Wednesday, November 13, 2013

After Delayed Start, Red King Crab Fishery Went Smoothly

All worries are history now after a delayed start for the bulk of the Bristol Bay red king crab fishery, with a lot more crab caught in a shorter period of time than in other years.

That was the report Nov. 11 from Jake Jacobsen of the Inter-Cooperative Exchange in Seattle, who said that 96 percent of the allowable harvest for individual fishing quota permit holders had been landed. Jacobsen said that of the 7,740,000 pound IFQ allocation only 336,682 pounds of the red king crab remained to be harvested.

“It’s going really fast,” Jacobsen said.

As for the weather, it’s not very good at this time of year, and there have been gale warnings, he said.
By this time a year ago, 95 percent of the quota was caught, but last year the fishery started on schedule on Oct. 15. This year harvesters under the community development quota program were able to begin harvesting on Oct. 15, but the IFQ holders were tied to the dock until Oct. 19, because of a partial federal government shutdown that delayed issuance of their permits.

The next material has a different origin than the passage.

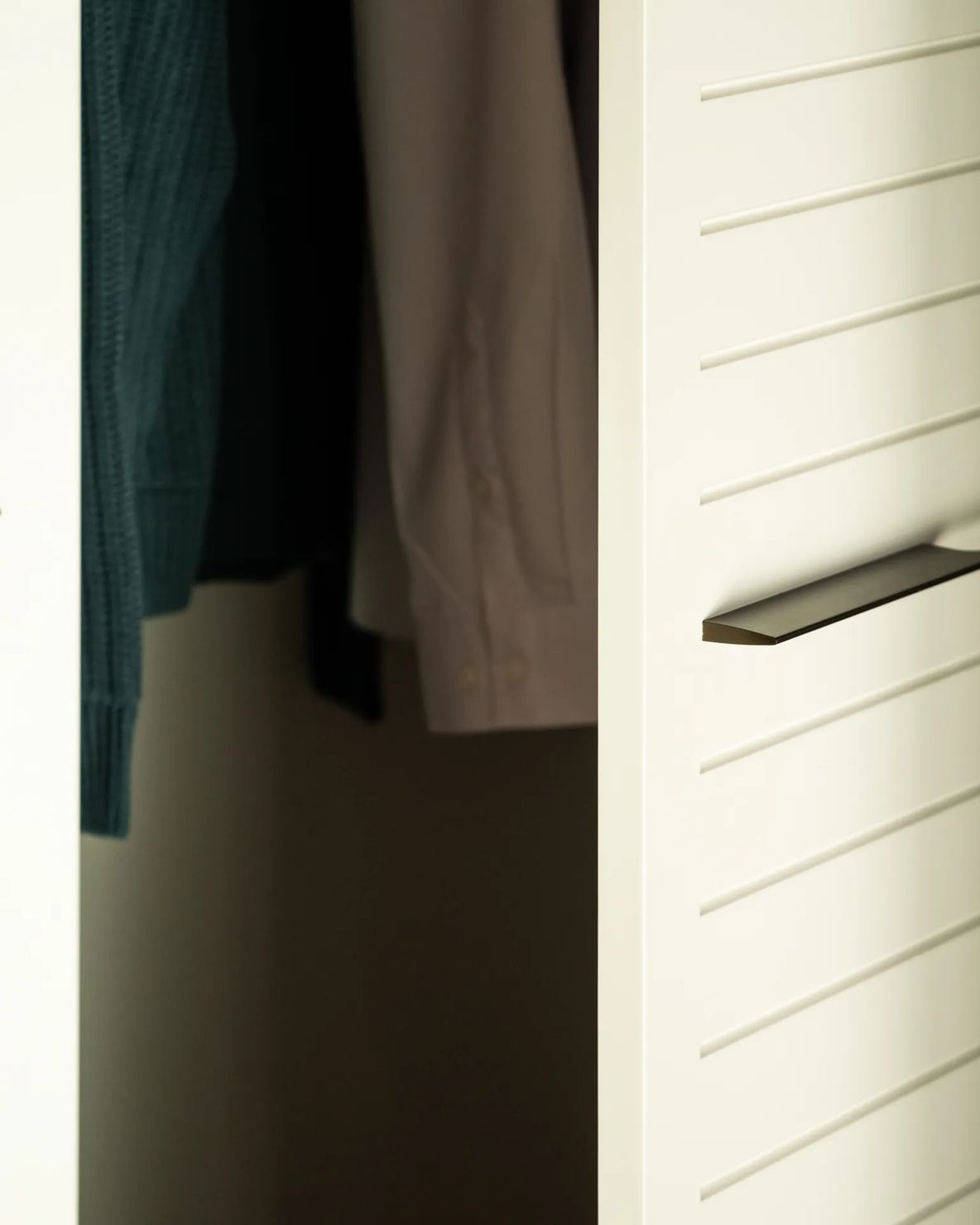 Slatted wardrobe doors open onto hanging clothes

This season’s total allowable catch, set by the Alaska Department of Fish and Game, is 7,853,000 pounds, including 7,067,700 pounds for IFQ holders and 785,300 pounds for community development quota harvesters.

Negotiations on final prices to harvesters haven’t even begun yet.

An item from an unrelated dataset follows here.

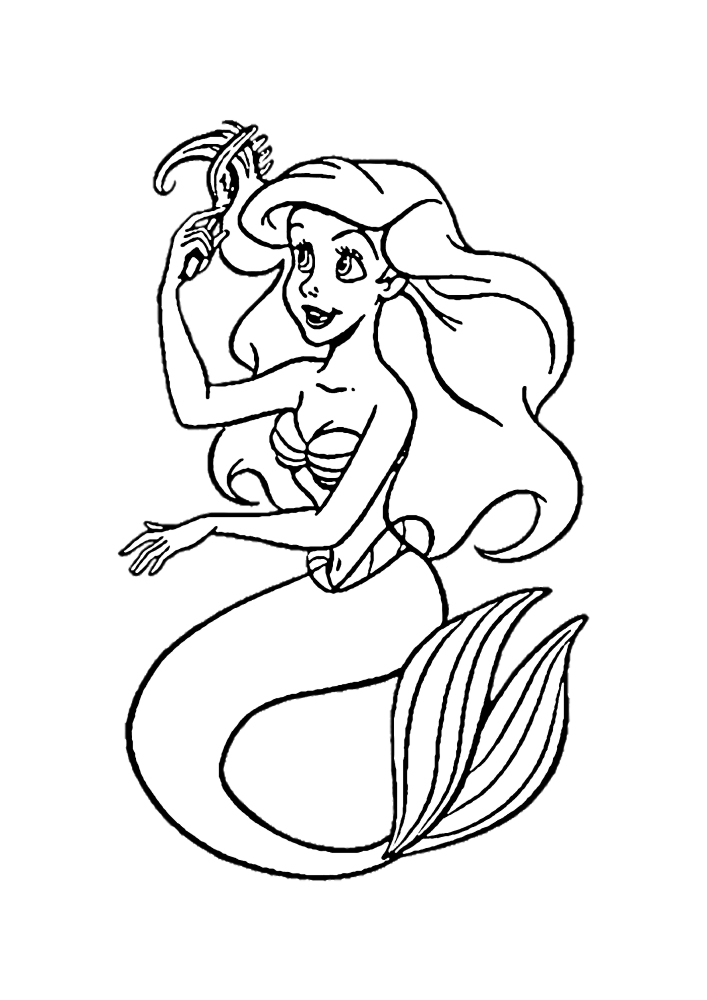 Ariel y la estatua de piedra de su Príncipe-libro para colorear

That’s usually done about Jan. 20, said Jacobsen. “In the old derby style fishery, we set a price and they went fishing, and now we set the price at the end,” he said. “We have a very complex arbitration system and a lot of rules and regulations we adhere to. It’s a whole new world from what it used to be.”
In the popular retail markets like the world famous Pike Place Fish Market on the Seattle waterfront and 10th and M Seafoods in Anchorage, orders were coming in steadily from Bristol Bay red king crab aficionados and other holiday shoppers.

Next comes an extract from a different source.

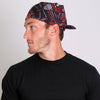 Red paisley skulls bandana by Hot Leathers featuring bold paisley and skull design on fabric.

Pike Place Fish Market (www.pikeplacefish.com) was posting $39.99 a pound for frozen Alaska king crab legs, plus $65 for shipping up to 12 pounds of those crab legs overnight, anywhere in the continental United States. Fresh crab, when available, was fetching $44.99 a pound.


A fishmonger answering the phone in Seattle for online orders said he taken 20 shipping orders that day by mid-afternoon, and he was one of 10 employees taking orders from online customers. Meanwhile, customers in line at the marketplace ranged from one woman purchasing a pound for her evening meal to another customer planning a crab dinner for a dozen guests, he said.